Problem -> Using the data below, output a verbatim copy of the lines between the one holding "Method for producing norvancomycin" and the one holding "AVG execution plan", inclusive, without any pictures.

Data shown ->
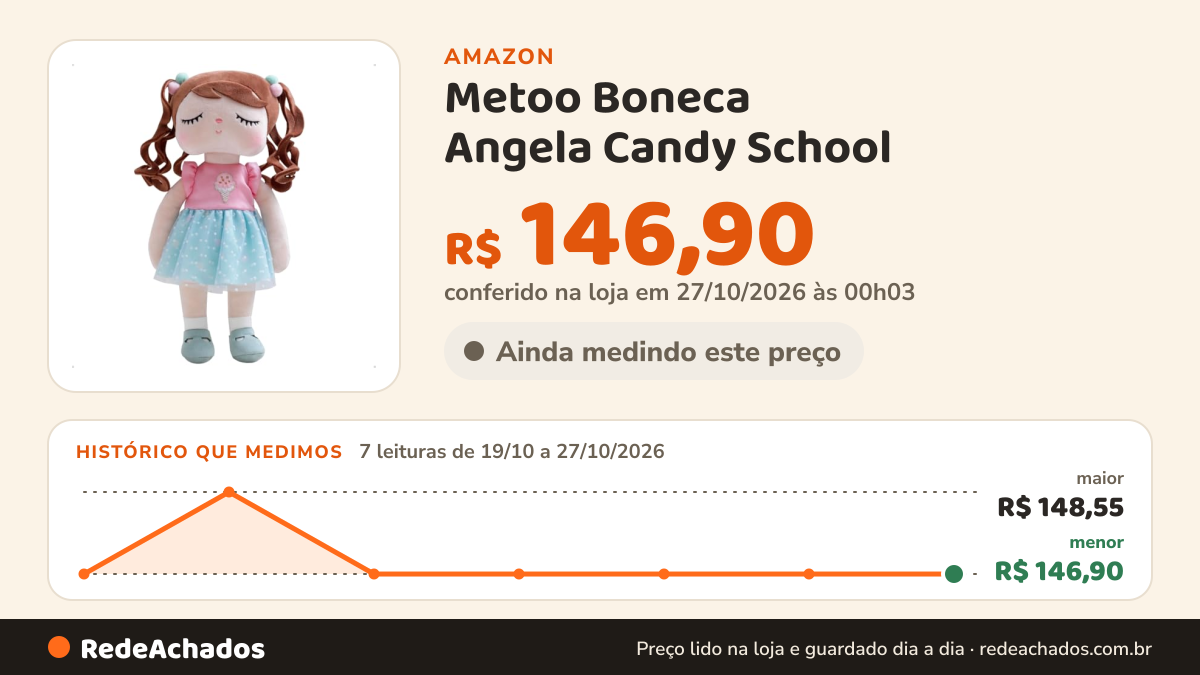 Histórico de preço de Metoo Boneca Angela Candy School na Amazon: 7 leituras de 19/10/2026 a 27/10/2026, menor R$ 146,90, maior R$ 148,55; R$ 146,90 conferido em 27/10/2026 às 00h03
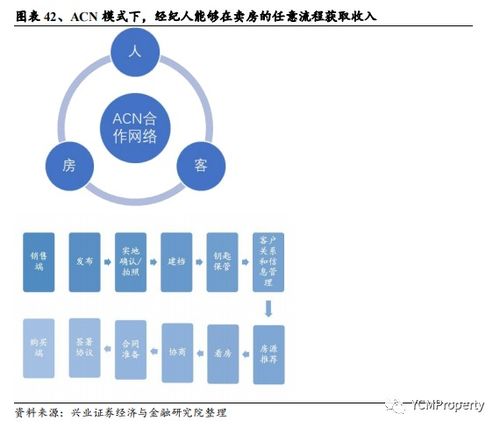 兴业证券怎么名字改了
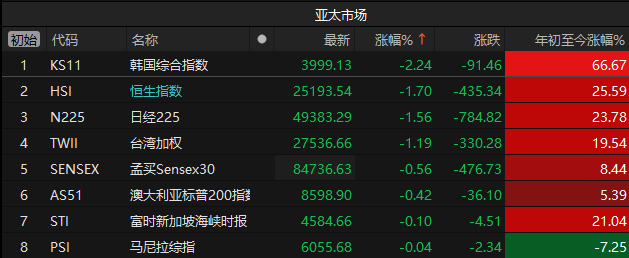 A股连续大跌原因找到了!恒生科技进入技术性熊市,水牛可能结束了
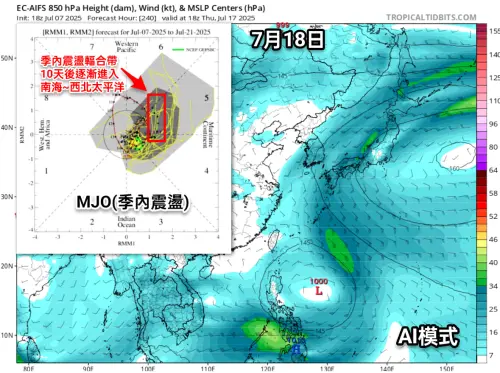 未來10天台灣附近的環境依舊不穩定,甚至可能有「颱風窩」出現。(圖/觀氣象看天氣) ▲未來10天台灣附近的環境依舊不穩定,甚至可能有「颱風窩」出現。(圖/觀氣象看天氣)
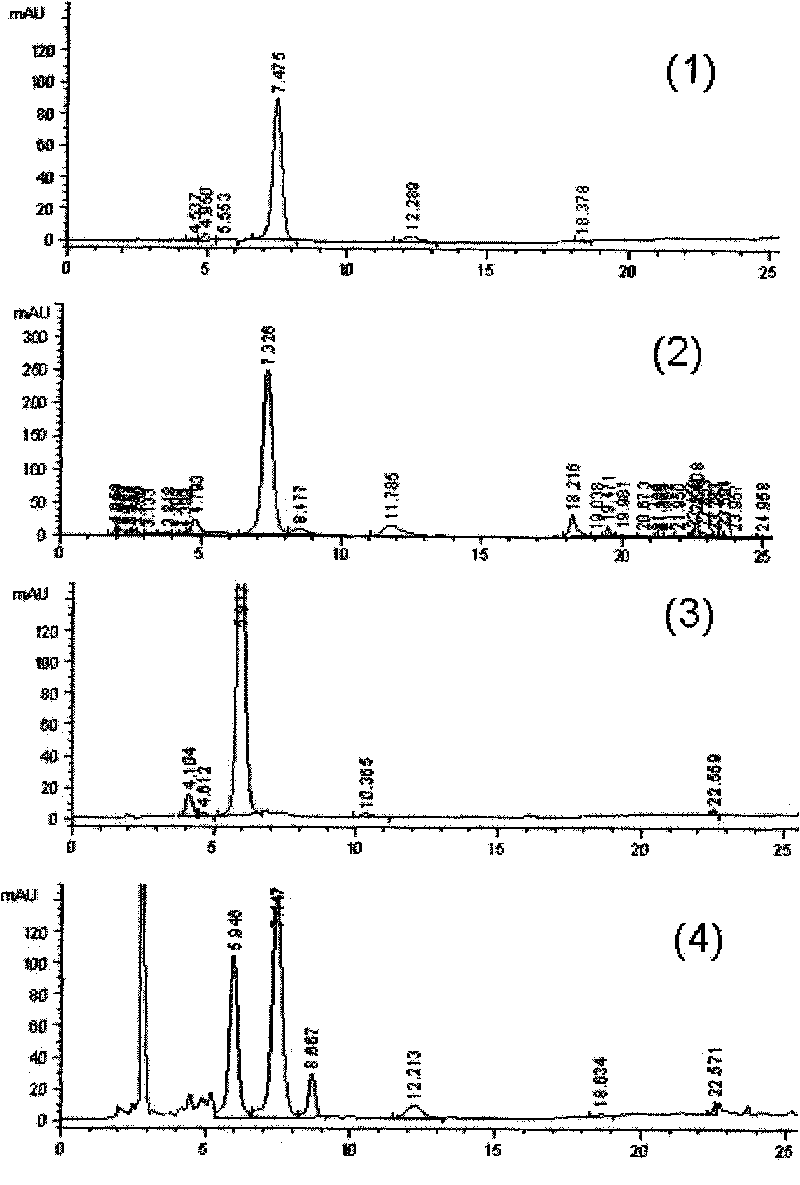 Method for producing norvancomycin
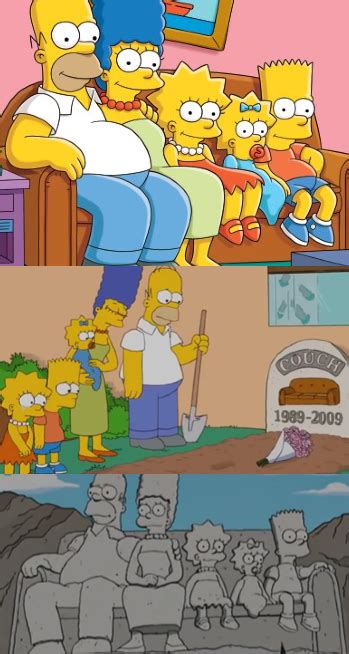 Does Not Illustrate: Couch Gag.The Simpsons - TV Tropes Forum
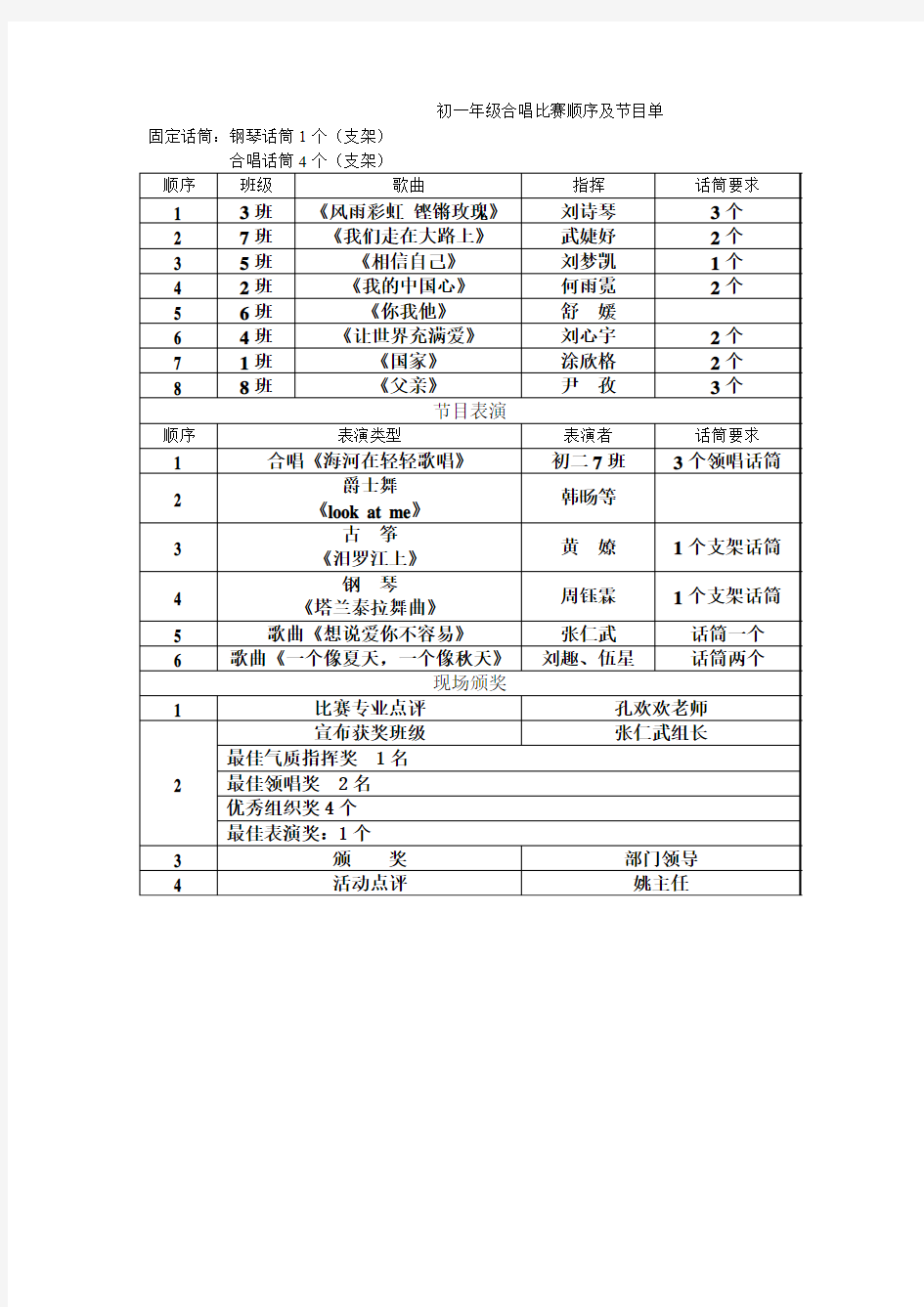 合唱节主持词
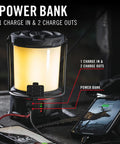 Rechargeable Emergency Camping Lantern With 2500 Lumens Beast Mode Brightness And USB C Power Bank in use with phones charging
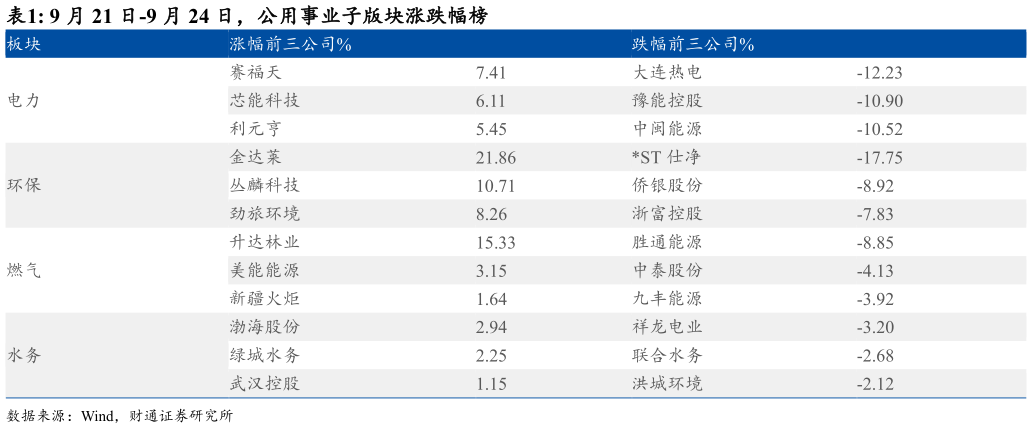 各位网友请教一下9 月 21 日-9 月 24 日，公用事业子版块涨跌幅榜 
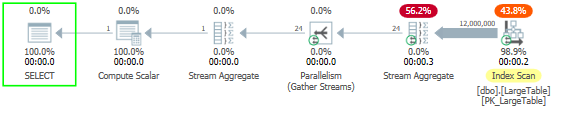 AVG execution plan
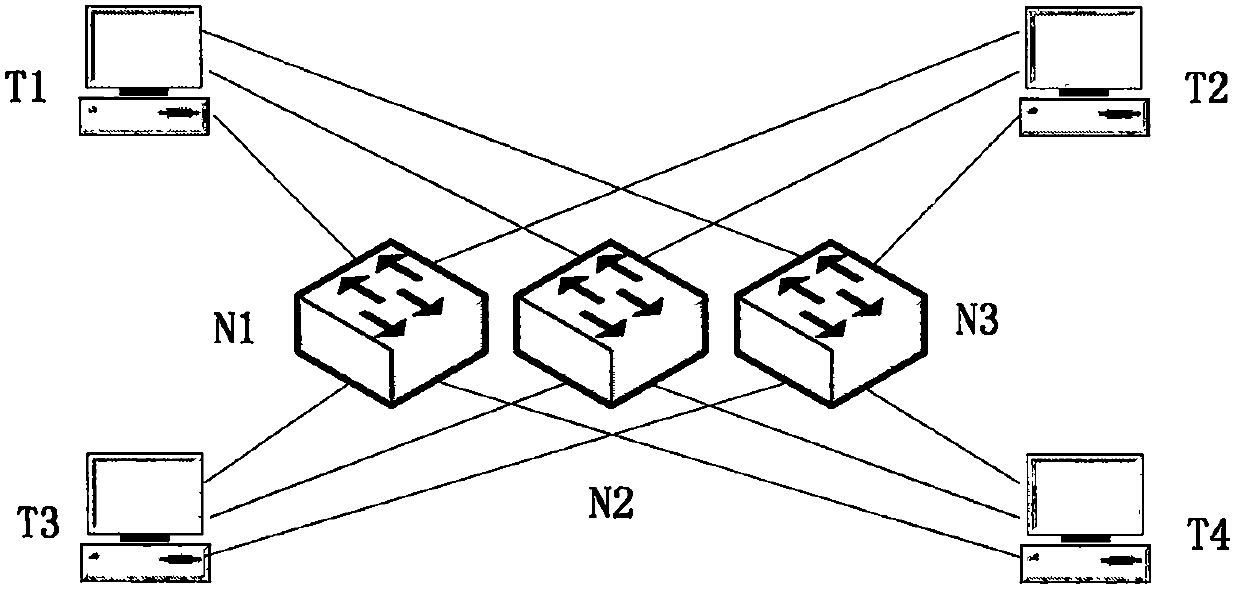 Data consistency method based on unreliable network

Task result ->
 Method for producing norvancomycin
 Does Not Illustrate: Couch Gag.The Simpsons - TV Tropes Forum
 合唱节主持词
 Rechargeable Emergency Camping Lantern With 2500 Lumens Beast Mode Brightness And USB C Power Bank in use with phones charging
 各位网友请教一下9 月 21 日-9 月 24 日，公用事业子版块涨跌幅榜 
 AVG execution plan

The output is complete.